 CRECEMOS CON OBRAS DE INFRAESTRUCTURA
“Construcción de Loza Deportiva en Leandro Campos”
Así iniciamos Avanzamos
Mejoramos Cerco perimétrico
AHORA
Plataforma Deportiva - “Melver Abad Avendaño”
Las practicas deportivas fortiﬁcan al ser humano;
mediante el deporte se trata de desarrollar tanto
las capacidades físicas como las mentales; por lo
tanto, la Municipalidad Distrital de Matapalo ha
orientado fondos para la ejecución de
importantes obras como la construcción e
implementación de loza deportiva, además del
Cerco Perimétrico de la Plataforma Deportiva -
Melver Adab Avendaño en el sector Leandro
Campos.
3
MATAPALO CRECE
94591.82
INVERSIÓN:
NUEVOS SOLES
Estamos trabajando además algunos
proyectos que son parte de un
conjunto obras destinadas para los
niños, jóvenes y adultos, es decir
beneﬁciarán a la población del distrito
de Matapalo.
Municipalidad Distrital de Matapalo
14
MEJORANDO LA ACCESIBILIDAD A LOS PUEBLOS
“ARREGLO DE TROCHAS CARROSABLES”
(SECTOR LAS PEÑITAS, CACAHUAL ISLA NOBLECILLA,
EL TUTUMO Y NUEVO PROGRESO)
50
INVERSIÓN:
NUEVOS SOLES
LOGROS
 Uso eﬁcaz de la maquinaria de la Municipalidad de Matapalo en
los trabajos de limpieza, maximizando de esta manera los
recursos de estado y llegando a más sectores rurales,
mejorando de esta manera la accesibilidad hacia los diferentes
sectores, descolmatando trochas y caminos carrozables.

* * *

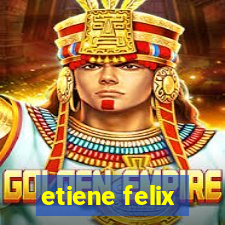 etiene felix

* * *

PROBLEM — Taking the material above, extract exactly and only the lines from the line with "Melver Adab Avendaño en el sector Leandro" to the line with "sectores, descolmatando trochas", inclusive of both.

SOLVED EXERCISE —
Melver Adab Avendaño en el sector Leandro
Campos.
3
MATAPALO CRECE
94591.82
INVERSIÓN:
NUEVOS SOLES
Estamos trabajando además algunos
proyectos que son parte de un
conjunto obras destinadas para los
niños, jóvenes y adultos, es decir
beneﬁciarán a la población del distrito
de Matapalo.
Municipalidad Distrital de Matapalo
14
MEJORANDO LA ACCESIBILIDAD A LOS PUEBLOS
“ARREGLO DE TROCHAS CARROSABLES”
(SECTOR LAS PEÑITAS, CACAHUAL ISLA NOBLECILLA,
EL TUTUMO Y NUEVO PROGRESO)
50
INVERSIÓN:
NUEVOS SOLES
LOGROS
 Uso eﬁcaz de la maquinaria de la Municipalidad de Matapalo en
los trabajos de limpieza, maximizando de esta manera los
recursos de estado y llegando a más sectores rurales,
mejorando de esta manera la accesibilidad hacia los diferentes
sectores, descolmatando trochas y caminos carrozables.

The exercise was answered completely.